Thurston Air Cadets virtual Typhoon flight at RAF Coningsby

18 lucky air cadets of 863 (Thurston) Squadron Air Training Corps visited RAF Coningsby, the East Anglian home of the Battle of Britain Memorial Flight (BBMF), to get up close to their unique collection of heritage aircraft as well as get an insight into a front-line fast jet Typhoon Squadron.

The Station Commander, Group Captain Attridge OBE MSc, welcomed the air cadets to the BBMF, where they were hosted by enthusiastic guides to get a closer look at Avro Lancaster, various marks of Spitfires and the resident Hurricanes. Corporal Bronwyn Jacobs (17) was impressed ‘that they had a spitfire which had originally flown in the Battle of Britain!’ and Cadet Louise Harcombe (18) later recounted ‘an uncle had actually flown that spitfire’

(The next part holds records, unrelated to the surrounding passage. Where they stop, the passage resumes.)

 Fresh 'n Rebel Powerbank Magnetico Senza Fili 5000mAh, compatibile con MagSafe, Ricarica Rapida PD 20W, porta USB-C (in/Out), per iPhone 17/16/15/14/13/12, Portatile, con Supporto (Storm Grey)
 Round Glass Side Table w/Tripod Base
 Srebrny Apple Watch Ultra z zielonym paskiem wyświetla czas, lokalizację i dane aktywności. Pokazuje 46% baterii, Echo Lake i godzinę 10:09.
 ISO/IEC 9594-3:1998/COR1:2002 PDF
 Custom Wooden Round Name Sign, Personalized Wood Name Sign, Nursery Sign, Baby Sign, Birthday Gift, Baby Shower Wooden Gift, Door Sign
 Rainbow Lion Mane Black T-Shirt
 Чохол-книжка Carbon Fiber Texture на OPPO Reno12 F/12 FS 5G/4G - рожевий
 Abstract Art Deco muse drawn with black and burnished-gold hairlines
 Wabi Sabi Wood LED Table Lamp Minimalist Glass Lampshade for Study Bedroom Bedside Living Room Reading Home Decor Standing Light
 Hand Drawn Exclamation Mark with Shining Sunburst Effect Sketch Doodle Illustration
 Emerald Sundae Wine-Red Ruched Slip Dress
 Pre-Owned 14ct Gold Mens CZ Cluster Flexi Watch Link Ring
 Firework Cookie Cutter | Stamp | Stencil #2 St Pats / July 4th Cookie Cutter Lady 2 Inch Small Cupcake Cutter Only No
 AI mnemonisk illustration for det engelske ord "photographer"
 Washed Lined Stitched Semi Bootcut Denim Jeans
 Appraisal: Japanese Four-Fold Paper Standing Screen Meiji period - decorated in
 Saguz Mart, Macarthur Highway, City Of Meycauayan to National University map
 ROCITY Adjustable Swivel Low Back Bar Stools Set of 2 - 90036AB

The highlight of the day was that every cadet got hands-on flying in two Typhoon cockpit trainers which had an impressive surround terrain display.  The 2 trainers were linked so that cadets could ‘fly’ together in the same piece of sky over Lincolnshire. Wing Commander Andy Tucker, a Civilian Instructor with 863 Squadron who organised the visit commented ‘The cockpit trainers were very impressive indeed and for our air cadets to get the opportunity to experience such very modern state of the art technology is exceptional’
Sqn visit to Conningsby (2)
The exciting day was completed with a visit to No. 29(R) Squadron responsible for the training and conversion of new Typhoon pilots.  Following a presentation on the capabilities of the aircraft, Squadron engineers then escorted air cadets around a Typhoon aircraft briefing on the fast jet’s design and cockpit layout; the tour of the Squadron attracted many questions from very inquisitive cadets.  Before departing 29(R) Sqn an engraved pewter tankard was presented to Sergeant Gavin Hutchinson, an avionics instructor at RAF Coningsby, who organised the visit programme and escorted the Thurston air cadets throughout the day.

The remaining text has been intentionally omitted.